I didn’t set out as a freelancer trying to build relationships with editors and other clients. I just wanted clips, experience, and money—not necessarily in that order. But over time, I learned. And one thing I learned is that it’s much easier (not to mention less stressful) and less time-consuming to work for a handful of editors on a regular basis than to do lots of “one-shots,” where I write for a client or editor once and then move on.
But how do you do that? How do you make an editor or client a “regular”? It’s not that complicated.
Pursue long-term markets. First off, I’m selective in the markets I pitch. I look for those that I can have long-term relationships with—which usually translates into less time pitching and more work. Sounds obvious, but I’ve written for markets as varied as The Lion to Accent on Living to Continental—but all only once. On the other hand, I’ve written for other markets—like Woman’s Day, Complete Woman, and The Writer—multiple times over the years. Look for markets that buy a fair amout of freelance work, that cover subjects you write about, and that you feel fit your voice. That will help ensure long-term relationships.

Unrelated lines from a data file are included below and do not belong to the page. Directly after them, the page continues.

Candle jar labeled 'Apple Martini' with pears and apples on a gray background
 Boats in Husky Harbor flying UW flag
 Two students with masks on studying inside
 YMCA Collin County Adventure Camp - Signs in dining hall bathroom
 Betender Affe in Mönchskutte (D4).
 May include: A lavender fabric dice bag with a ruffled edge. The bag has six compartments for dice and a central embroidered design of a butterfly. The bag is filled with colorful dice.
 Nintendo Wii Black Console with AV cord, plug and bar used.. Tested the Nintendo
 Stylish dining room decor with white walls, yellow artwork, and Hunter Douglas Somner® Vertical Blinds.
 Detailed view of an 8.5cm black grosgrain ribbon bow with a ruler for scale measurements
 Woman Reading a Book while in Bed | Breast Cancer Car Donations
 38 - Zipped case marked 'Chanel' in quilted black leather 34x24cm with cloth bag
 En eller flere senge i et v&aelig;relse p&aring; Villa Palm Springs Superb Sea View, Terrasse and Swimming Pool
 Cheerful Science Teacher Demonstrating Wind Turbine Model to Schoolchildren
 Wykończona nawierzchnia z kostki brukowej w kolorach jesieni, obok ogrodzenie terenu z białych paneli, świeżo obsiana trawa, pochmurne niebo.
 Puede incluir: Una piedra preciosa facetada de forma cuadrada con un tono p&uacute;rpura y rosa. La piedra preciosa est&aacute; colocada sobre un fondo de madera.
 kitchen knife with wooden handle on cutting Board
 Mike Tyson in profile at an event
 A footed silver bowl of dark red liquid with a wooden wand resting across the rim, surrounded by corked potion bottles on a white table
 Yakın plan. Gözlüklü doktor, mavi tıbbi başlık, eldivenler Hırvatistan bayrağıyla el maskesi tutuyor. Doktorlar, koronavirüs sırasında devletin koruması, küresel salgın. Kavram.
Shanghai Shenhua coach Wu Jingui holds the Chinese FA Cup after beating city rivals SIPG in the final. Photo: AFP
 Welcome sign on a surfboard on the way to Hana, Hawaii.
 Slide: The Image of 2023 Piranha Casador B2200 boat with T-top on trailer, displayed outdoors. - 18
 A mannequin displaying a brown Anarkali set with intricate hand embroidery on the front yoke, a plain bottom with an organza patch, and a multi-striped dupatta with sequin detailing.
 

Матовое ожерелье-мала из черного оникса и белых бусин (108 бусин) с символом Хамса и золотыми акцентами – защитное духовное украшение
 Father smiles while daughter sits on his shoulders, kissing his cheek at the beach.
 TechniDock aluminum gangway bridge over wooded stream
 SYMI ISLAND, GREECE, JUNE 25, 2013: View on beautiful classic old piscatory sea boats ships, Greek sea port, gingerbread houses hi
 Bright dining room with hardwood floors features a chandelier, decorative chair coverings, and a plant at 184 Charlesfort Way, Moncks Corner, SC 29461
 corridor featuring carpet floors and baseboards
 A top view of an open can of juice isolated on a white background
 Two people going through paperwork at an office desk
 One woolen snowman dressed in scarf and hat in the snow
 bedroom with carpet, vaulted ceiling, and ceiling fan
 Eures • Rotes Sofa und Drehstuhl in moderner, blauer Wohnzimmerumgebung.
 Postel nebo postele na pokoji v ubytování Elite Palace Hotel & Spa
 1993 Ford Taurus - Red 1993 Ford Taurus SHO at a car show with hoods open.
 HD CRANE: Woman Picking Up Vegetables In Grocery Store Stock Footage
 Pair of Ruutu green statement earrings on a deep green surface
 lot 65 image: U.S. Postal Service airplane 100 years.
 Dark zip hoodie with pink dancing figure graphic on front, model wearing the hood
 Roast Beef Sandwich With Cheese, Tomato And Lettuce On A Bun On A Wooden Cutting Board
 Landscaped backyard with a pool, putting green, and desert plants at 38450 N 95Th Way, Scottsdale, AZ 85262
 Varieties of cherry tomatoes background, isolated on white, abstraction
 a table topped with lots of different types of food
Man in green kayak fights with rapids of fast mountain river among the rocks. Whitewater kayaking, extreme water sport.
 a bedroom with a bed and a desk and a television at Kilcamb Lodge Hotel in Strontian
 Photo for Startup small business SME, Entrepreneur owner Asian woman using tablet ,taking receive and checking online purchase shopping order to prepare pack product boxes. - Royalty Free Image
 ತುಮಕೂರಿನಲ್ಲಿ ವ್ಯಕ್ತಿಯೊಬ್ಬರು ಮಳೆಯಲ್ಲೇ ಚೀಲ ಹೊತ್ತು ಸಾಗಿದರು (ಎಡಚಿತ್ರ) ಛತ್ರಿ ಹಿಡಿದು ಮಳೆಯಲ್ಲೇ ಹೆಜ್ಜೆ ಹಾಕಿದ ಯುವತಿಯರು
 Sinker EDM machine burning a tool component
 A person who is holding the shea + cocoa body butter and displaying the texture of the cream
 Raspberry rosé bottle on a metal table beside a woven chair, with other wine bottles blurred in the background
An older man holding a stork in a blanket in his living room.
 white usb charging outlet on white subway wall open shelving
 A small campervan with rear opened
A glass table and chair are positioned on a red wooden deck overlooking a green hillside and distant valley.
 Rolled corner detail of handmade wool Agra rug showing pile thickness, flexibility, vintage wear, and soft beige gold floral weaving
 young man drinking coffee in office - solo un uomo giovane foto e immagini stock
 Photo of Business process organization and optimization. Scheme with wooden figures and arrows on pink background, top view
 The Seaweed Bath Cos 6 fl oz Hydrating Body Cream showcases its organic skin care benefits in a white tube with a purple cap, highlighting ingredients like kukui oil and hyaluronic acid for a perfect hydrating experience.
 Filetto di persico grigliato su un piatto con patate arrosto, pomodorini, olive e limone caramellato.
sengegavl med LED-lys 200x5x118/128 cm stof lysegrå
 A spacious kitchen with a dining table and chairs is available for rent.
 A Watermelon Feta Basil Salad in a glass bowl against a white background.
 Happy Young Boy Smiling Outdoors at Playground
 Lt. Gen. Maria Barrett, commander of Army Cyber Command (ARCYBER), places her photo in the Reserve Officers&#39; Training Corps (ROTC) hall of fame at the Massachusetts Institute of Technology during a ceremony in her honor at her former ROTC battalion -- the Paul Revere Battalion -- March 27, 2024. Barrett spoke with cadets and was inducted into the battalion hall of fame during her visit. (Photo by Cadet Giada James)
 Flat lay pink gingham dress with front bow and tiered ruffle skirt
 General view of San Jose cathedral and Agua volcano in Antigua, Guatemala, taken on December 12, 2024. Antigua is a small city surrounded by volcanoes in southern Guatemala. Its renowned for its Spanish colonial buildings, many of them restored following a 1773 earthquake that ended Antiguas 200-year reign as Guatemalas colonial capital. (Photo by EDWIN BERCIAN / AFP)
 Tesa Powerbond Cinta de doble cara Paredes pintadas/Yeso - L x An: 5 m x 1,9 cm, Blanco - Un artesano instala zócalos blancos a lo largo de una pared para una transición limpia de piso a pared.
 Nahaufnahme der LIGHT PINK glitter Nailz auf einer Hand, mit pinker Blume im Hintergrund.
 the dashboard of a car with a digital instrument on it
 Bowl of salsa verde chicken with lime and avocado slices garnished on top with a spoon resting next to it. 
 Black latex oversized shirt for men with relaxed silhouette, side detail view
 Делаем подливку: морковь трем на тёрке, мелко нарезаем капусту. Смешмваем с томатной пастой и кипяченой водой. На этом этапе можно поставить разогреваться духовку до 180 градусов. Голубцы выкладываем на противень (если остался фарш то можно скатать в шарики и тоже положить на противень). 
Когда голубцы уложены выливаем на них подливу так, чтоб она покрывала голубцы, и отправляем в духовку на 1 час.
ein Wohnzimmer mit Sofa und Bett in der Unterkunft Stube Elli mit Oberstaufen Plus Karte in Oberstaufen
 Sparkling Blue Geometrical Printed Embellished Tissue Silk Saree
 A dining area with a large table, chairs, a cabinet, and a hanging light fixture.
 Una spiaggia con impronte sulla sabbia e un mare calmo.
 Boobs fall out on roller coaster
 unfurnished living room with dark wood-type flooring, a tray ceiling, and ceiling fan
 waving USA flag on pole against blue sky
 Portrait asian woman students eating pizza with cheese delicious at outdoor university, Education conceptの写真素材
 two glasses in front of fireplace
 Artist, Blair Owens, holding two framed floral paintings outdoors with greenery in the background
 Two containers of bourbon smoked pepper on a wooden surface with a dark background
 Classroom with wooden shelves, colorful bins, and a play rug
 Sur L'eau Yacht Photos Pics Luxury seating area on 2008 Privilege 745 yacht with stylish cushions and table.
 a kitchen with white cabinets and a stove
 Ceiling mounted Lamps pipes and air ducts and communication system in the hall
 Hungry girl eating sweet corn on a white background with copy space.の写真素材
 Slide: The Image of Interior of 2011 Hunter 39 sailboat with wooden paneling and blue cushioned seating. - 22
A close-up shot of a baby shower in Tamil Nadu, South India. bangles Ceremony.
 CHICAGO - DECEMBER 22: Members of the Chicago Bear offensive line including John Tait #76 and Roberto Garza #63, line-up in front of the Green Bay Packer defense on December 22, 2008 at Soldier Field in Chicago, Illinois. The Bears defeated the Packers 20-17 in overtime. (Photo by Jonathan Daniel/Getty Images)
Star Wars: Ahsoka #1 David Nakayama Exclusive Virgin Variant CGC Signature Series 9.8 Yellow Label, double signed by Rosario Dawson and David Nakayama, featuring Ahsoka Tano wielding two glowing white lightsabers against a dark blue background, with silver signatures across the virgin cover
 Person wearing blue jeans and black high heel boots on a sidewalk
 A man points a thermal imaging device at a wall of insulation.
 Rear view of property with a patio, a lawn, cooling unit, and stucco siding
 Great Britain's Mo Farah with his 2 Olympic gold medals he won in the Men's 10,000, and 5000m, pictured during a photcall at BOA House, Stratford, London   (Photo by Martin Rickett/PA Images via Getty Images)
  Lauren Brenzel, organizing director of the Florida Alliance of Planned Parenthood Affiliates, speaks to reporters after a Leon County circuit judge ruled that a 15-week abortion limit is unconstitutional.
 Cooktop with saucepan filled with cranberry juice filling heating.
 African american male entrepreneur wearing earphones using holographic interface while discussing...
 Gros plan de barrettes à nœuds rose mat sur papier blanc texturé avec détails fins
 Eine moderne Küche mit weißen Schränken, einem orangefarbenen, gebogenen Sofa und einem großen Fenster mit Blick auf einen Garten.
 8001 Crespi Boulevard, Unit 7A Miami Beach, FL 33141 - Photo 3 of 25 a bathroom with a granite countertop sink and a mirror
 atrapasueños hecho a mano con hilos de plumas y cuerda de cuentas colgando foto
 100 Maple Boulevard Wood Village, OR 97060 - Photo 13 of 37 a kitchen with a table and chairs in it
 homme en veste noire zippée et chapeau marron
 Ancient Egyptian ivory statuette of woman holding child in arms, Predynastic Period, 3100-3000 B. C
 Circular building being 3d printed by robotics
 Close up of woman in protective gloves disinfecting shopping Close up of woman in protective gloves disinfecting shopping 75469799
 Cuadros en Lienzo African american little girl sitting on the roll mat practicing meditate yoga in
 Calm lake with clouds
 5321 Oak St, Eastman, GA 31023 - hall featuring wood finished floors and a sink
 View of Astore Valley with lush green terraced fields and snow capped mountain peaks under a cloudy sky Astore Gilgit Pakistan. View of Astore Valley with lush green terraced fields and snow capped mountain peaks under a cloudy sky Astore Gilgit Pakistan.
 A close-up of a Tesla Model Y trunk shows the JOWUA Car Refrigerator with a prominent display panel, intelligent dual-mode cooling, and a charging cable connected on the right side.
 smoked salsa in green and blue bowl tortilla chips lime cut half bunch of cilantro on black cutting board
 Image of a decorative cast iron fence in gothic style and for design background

Be generous when you can. Earlier this week, an editor asked me if I could add a quiz to a story I’d already turned in. I'd originally thought about doing a quiz but the story ran long, so I didn't include it. I briefly considered asking for more money; after all, she's asking for more work. Then I reconsidered. She's been giving me a lot of work lately, edits are minimal, and I like the story assignments I get. I emailed her back and told her I’d be happy to do it gratis and turned it in the next day. (No, I don’t do that on a regular basis. I can't afford it. But I figure it’s an investment in our relationship.)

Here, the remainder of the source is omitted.